Les menus de la version Inkscape-0.42-0 sont-ils en français?

Dans la version que j'ai téléchargée c'est en anglais, et pourtant je vois des ditacticiels avec les commandes en français?


----------



## Martial (2 Août 2005)

Je n'ai jamais vu de version française pour Mac. Est-ce encore un truc réservé au système de Bill ?
Si l'on est un peu familiarisé avec les logiciels de dessin, le niveau d'anglais ne devrait pas poser trop de problèmes.

Un truc important; pour éditer la forme d'un objet déjà dessiné il faut sélectionner l'objet puis cliquer sur l'outil qui l'a crée.

Exemple:

Cliquer sur l'outil "carré/rectangle"

Cliquer-glisser à l'endroit prévu pour le dessiner. Pour faire un carré, maintenir la touche "ctrl" enfoncée durant le dessin (habituellement sur Mac c'est la majuscule"

A ce stade, l'objet est toujours en mode édition. Si l'on clique sur les points de controle en haut à gauche et en bas à droite on peut modifier la dimension de l'objet dans un des deux axes.

Plus intéressant, si l'on clique et l'on glisse vers le bas le bouton de controle en haut à droite on fait varier l'angle des bords de l'objet.

A ce stade une nouvelle poignée apparaît pour permettre de faire varier les arrondis d'angles indépendemment horizontalement et verticalement

Il est important de savoir que si l'on a déselectionné un objet ou si l'on veut le modifier après-coup, il faut cliquer sur l'outil qui l'a construit pour pouvoir l'éditer sinon on ne peut faire varier que sa taille (un clic) ou son orientation (deux clics)

Inkscape est plein de trouvailles et c'est un bonheur d'en découvrir les possibilités. Explorer la barre d'état avant de dessiner ou mieux, lorsqu'un objet est sélectionné avec l'outil qui l'a crée permet de découvrir toutes les options du logiciel. L'étoile est un bon exemple.

Depuis 10 ans j'utilise Canvas (versions 3.5 à X mais seulement en anglais depuis la 8), logiciel que j'apprécie particulièrement. Si Inkscape continue sur sa lancée, je risque de faire des infidélités à Canvas.

Bonne découverte


----------



## plovemax (2 Août 2005)

Non la localisation n'est pas réservée au système de Bill puisque à l'origine c'est un programme open-source qui fonctionne donc sous linux. La version de tux possède un localisation en français.


----------



## Martial (2 Août 2005)

En fouillant un peu, j'ai au moins trouvé quelques tutoriaux en français. Comme ils sont cachés dans le logiciel, je me dis que des modules de traduction doivent exister.

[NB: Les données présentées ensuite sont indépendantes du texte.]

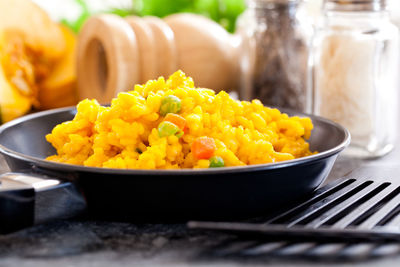 Close-up of yellow salad in bowl on table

J'ai cherché sur le site http://inkscape.org On parle de traductions mais mon anglais est trop mauvais pour que je puisse en faire quelque chose ... :sick:

Pour les tutoriaux, il faut aller les chercher :

Clic droit (ou ctrl-clic) sur l'application autonome Inkscape 0.42.0 (je ne sait pas si ça marche avec les anciennes versions.)

Choisir "Afficher le contenu du paquet", le contenu du soft s'ouvre

Ensuite sélectionner les sous-dossiers comme indiqué sur les pièces ci-jointes. Les tutoriaux et listes de raccourcis en français comprennent xxx.fr.svg dans leur nom.

Le plus simple est de les copier quelque part voire de les imprimer

Ce n'est pas encore la traduction mais j'espère que ce sera utile.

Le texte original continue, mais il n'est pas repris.